Right now, if a machine learning system does not do well – for instance the model above predicts the wrong kinds of customers who it thinks will buy and/or stay loyal to you – it usually means it hasn’t been trained on enough data.
And the usual and obvious solution? Get more data, and train it better.
However, by mimicking the way we humans learn, how we teach our kids in school, we may be able help the machine learn better without more data. In fact, using the same data, but simply having the machine learn in a different way, can make it perform better.
That is fantastic, because one of the greatest challenges in machine learning for many businesses, is getting enough data in the first place.
How does curriculum learning work?
If you’ve gotten to this point, you probably want to know a little about how the way we humans learn can make our machine learn better.
Turns out, it’s not very difficult at all.
Teaching a child how to recognize cars
Now imagine with me, how you would teach your child. Say, you want to teach her what a car is. How would you do it? Perhaps every time you see a car on the road, you’ll point to it and tell your child that’s a car. When you read a book together, and there’s a picture of a car, you’ll point it out as well. When you drive her to school, you’ll emphasize that you’re going to the car. Basically, car, car, and car.
What you won’t do, at the start, is to start saying that’s a Honda, or a Toyota, or a Ferrari. Neither will you say that’s an off-road vehicle, or a sports car, or a 2-door sedan, or a convertible. Basically, you start with the broadest possible label – a “car”. Everything is simply a “car”.

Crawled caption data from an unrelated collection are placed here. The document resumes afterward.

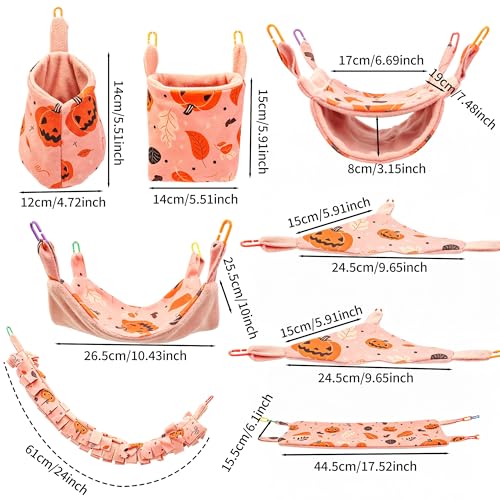 8 Pcs Sugar Glider Cage Set, Small Animal Fleece Hammock Set, Hanging Bed, Climbing Bridge and Toys for Sugar Gliders, Fancy Rats, Squirrels,Ferrets,Orange7126-3 - color: Orange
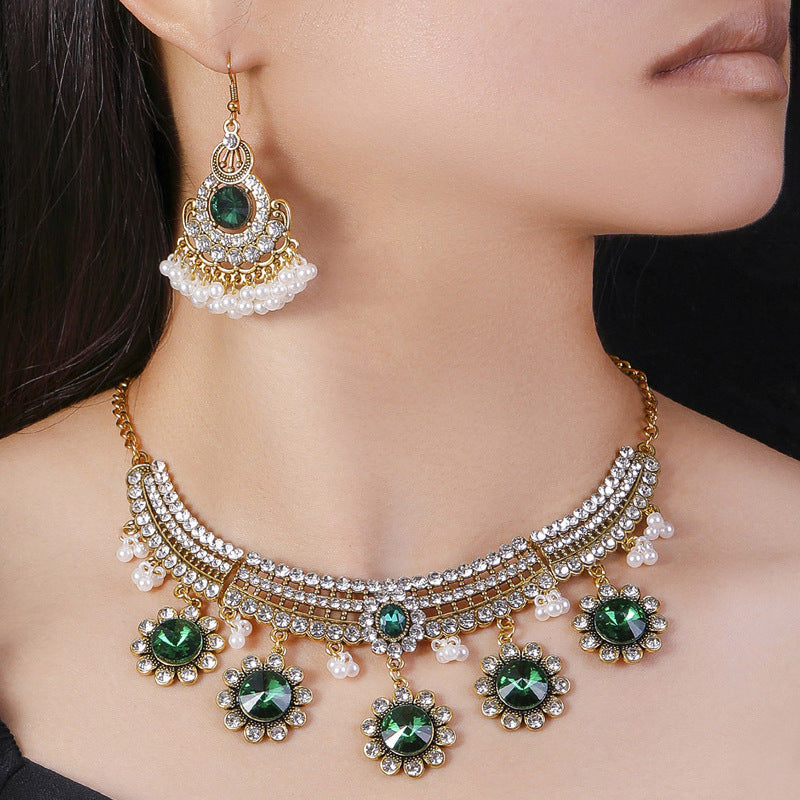 Indian Ethnic Jewelry Set – Vintage Gemstone Beads Necklace & Earrings (2-Piece Suit)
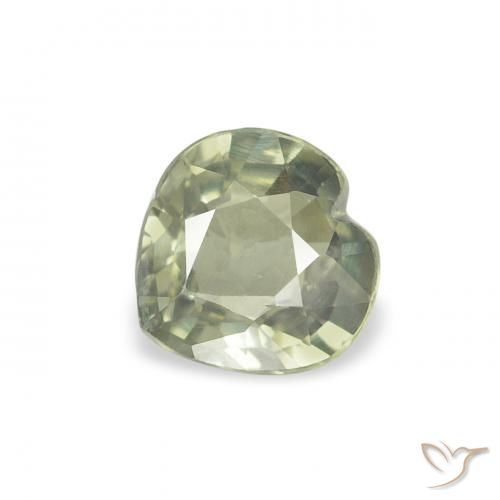 0.55ct Naturale Verde grigiastro Zaffiro, Cuore, VVS-VS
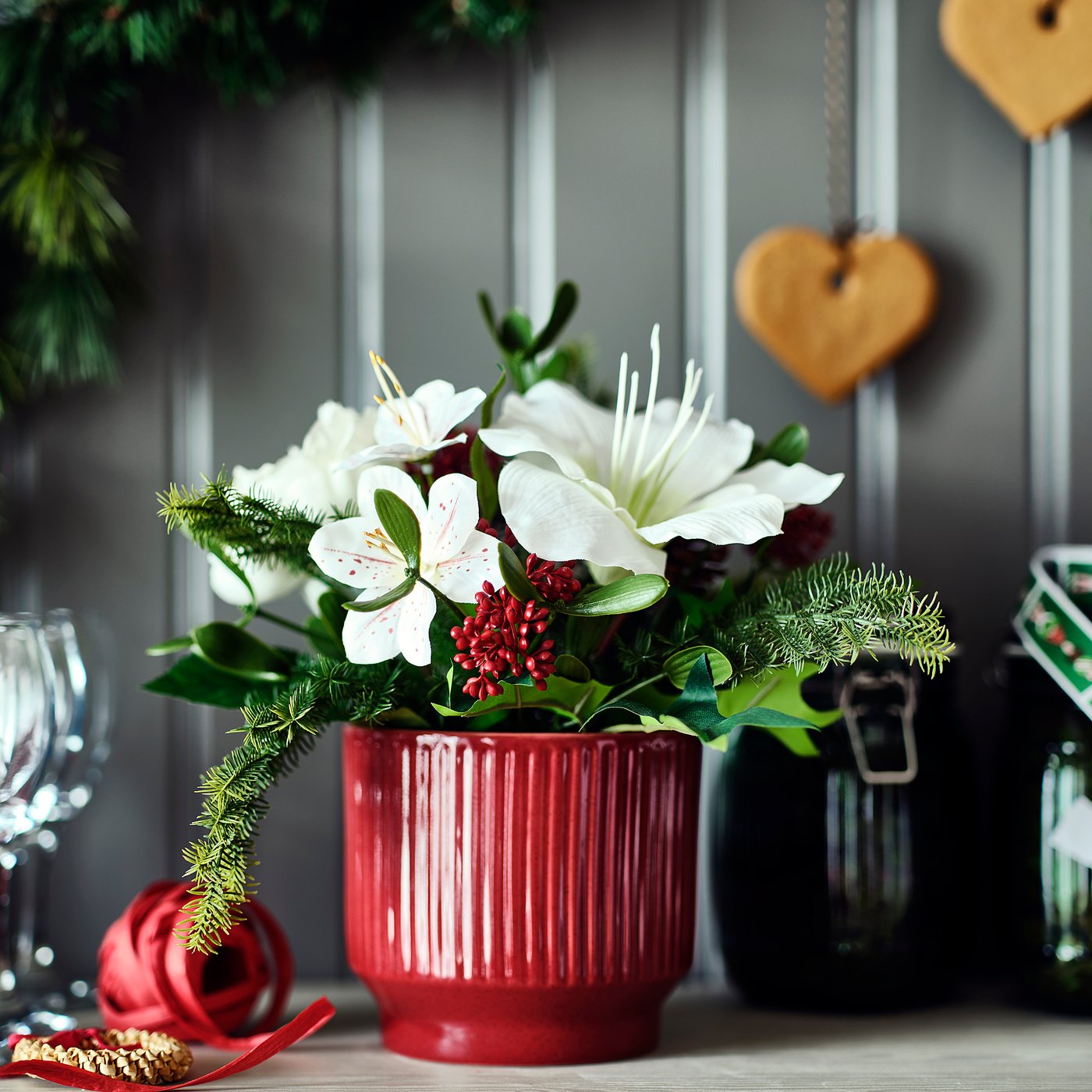 VINTERFINT artificial potted plant, in/outdoor arrangement, 12 cm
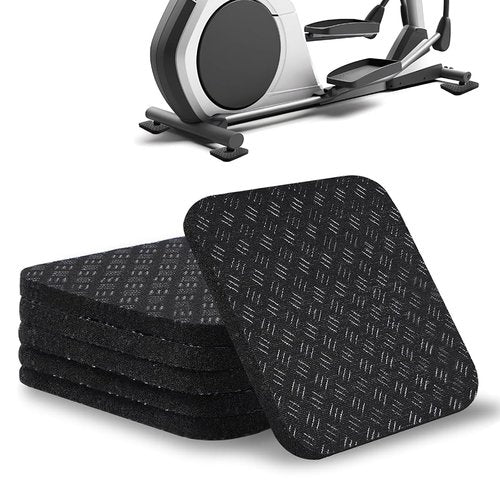 LOOEEL 6PCS Treadmill Mats,High Density Equipment Pads 4 x 4 x 0.2 inch Double-Sided Non-Slip Exercise Equipment Mat for Floor Protection,Washing Machine Pads,Walking Pad,Exercise Bike,Home Gym etc.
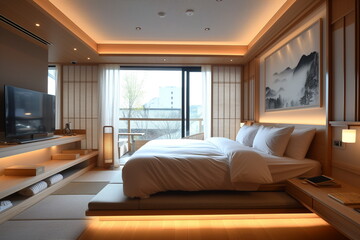 Naklejka na ściany i meble Minimal bedroom, House interior design backdrop, White modern bedroom, Simple design.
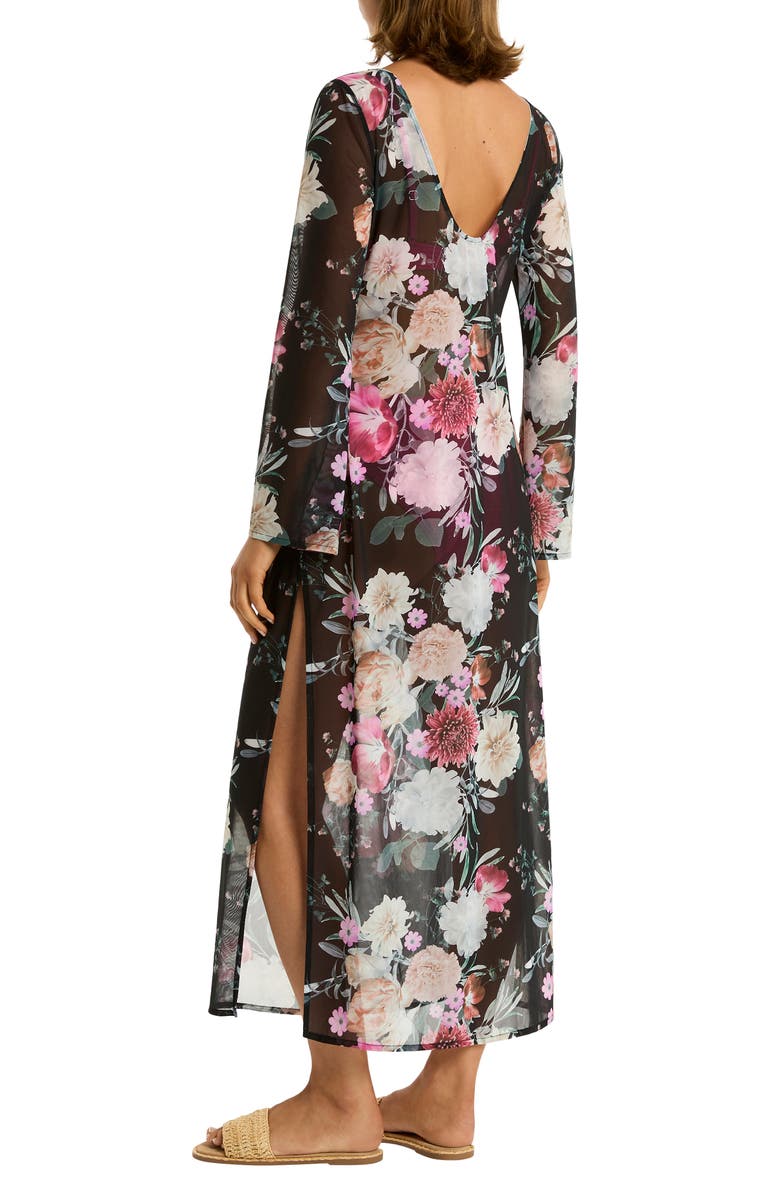 Sea Level Belle Long Sleeve Multifit Mesh Cover-Up Dress, Alternate, color, 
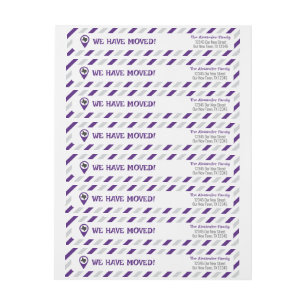 Bande Pour Adresse De Retour Purple Nous Avons Déménagé Déménagé
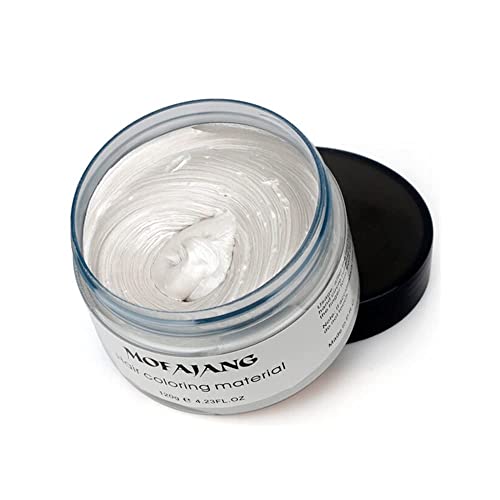 Temporary Hair Color Wax, White Hair Dye Natural Instant Hairstyle Cream Or Hairstyle Wax For Women & Men Party, Cosplay, Date (White) #TOP3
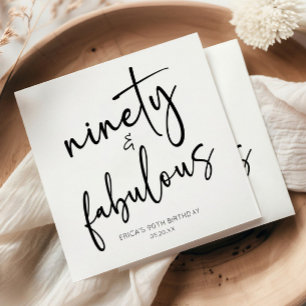 Negentig & Fabulous Minimaal 90ste Verjaardagsfees Servet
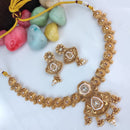 Heera Jewellers Gold Plated Pota Stone And Pearls Necklace Set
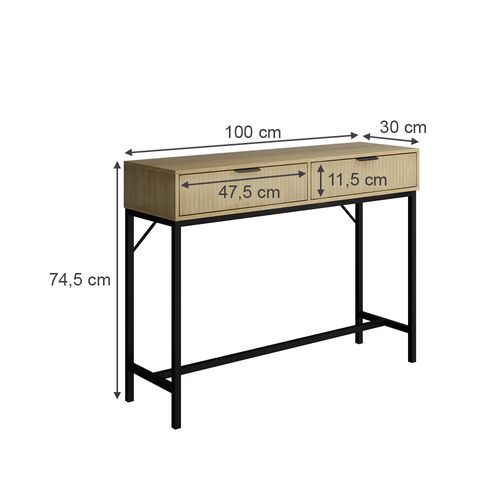 Table Console Lennox, Chêne, 100x75cm Avec 2 Tiroirs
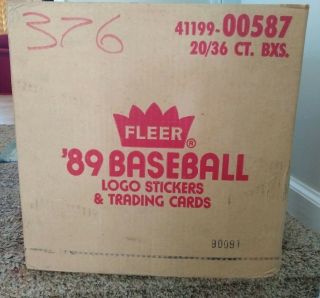 1989 Fleer Baseball Factory Wax Box Case 20 Boxes 36 Packs Each 00587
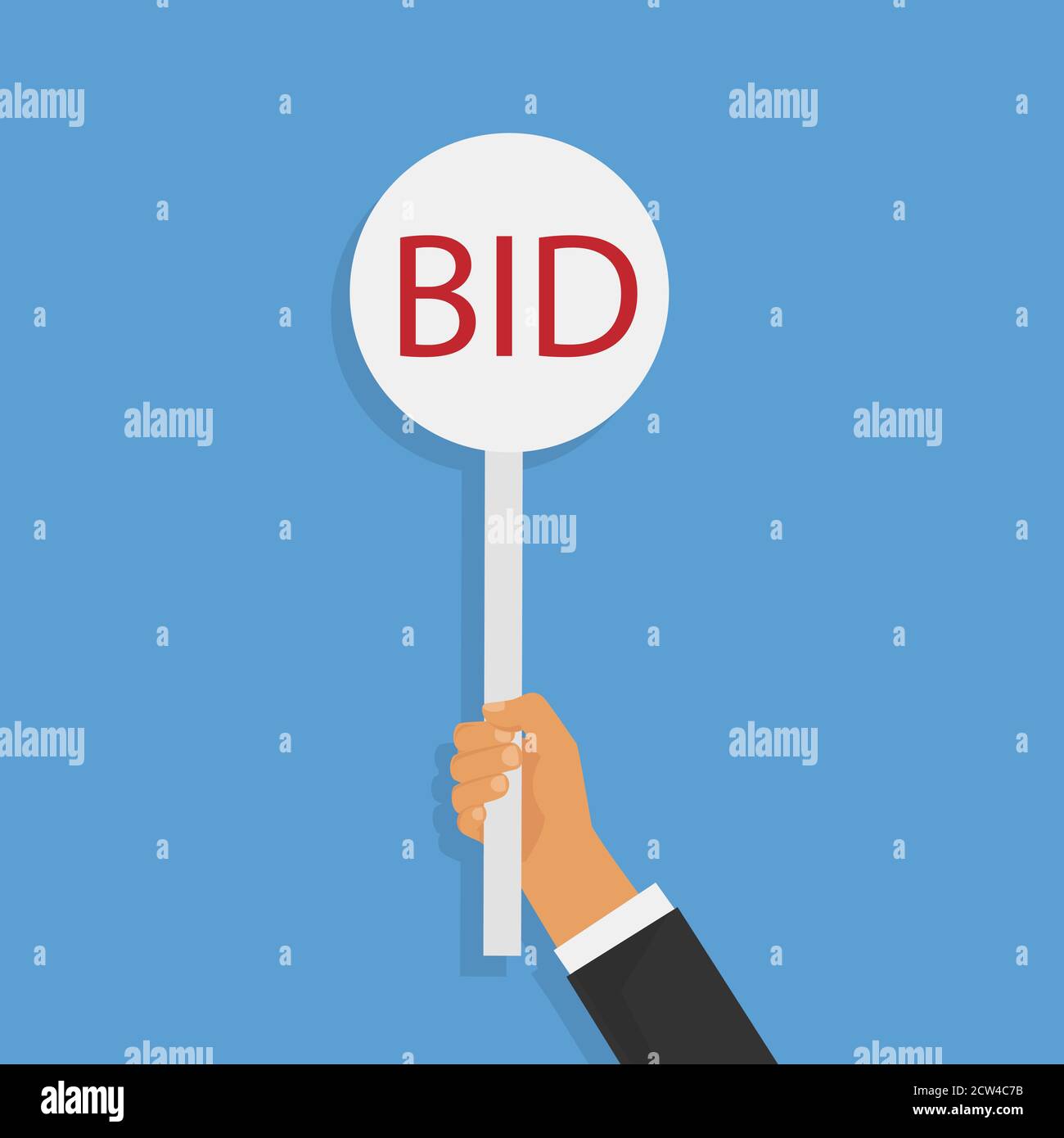 Hand holding auction paddle. BID. Stock Vector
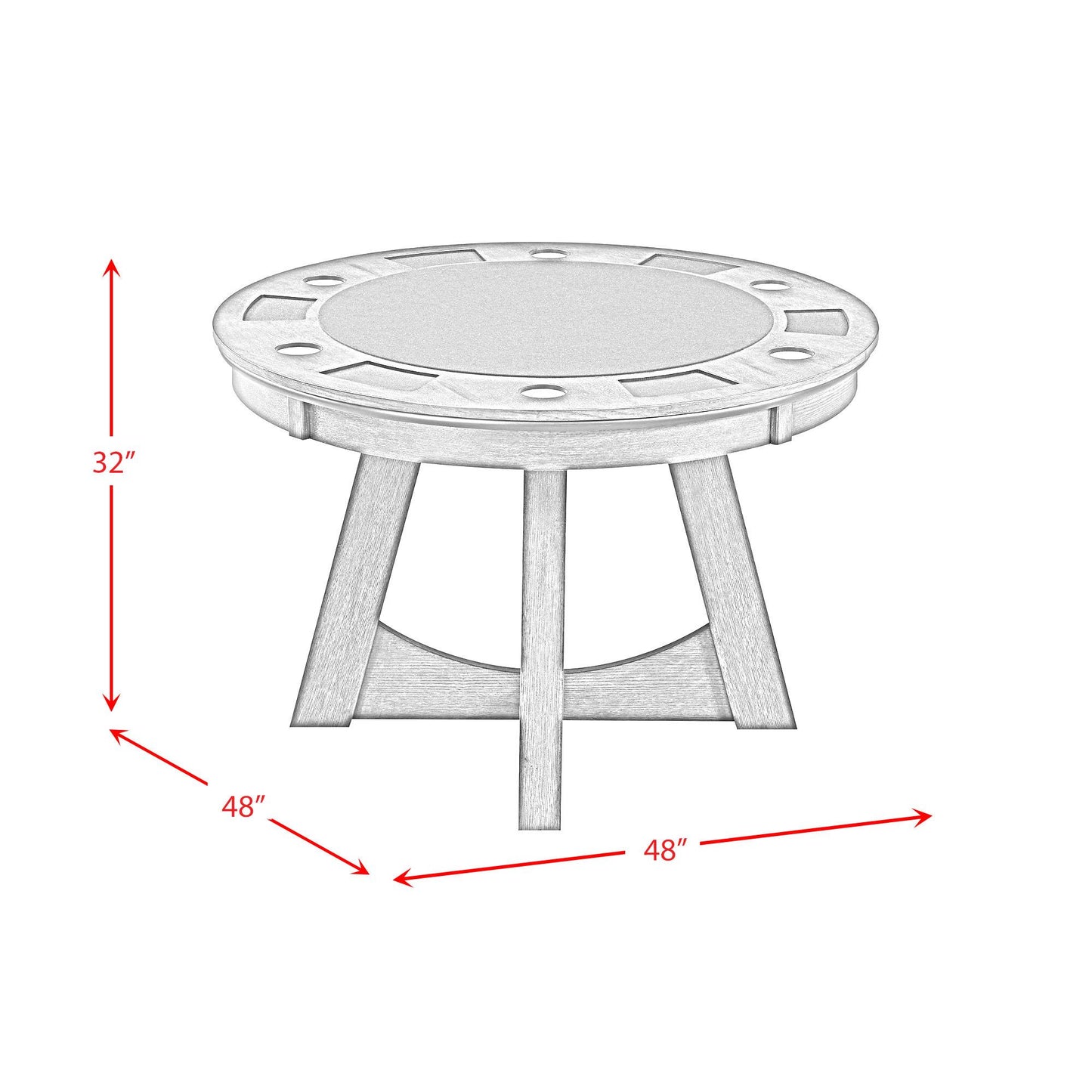 Elements International Prince GTPR100GT Round Game Table IMAGE 10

Only after your child has figured out how to recognize cars, will you go deeper and break it down into, say, types of cars, or brands of cars, or colours of cars.
Teaching a machine with curriculum learning
So with the machine, we do exactly the same thing. We use your data, and give it broad labels first. Just like a “car”. Then we train it.
Next, we use the exact same data, but give it more refined labels. A “sedan”, a “convertible”, a “sports car”, an “off-road vehicle”. Then we train it again.
And we continue to do this until we reach the level of detail we want to achieve. Say, for instance, a “red Honda sports car”.
Is this better?
Yes. And the results are pretty consistent.
For almost any kind of training, using or involving curriculum learning helps the machine learning system do better. In some cases, more than 10% better.
Of course, there is some additional effort in putting the broad labels to your data set. However, in our experience, this can usually be derived quite quickly, and in most cases, automated to a high degree. Since we are already working on the detailed labels, it usually follows some rules to be able to figure out the broad labels. And since this is rule-based, it is generally easy to automate.
What this means is that this method, while requiring a little bit more effort, nearly guarantees you a better AI model. It can easily be worth it. It is something we consider, and if possible apply, when we build machine learning models, for ourselves and for our clients.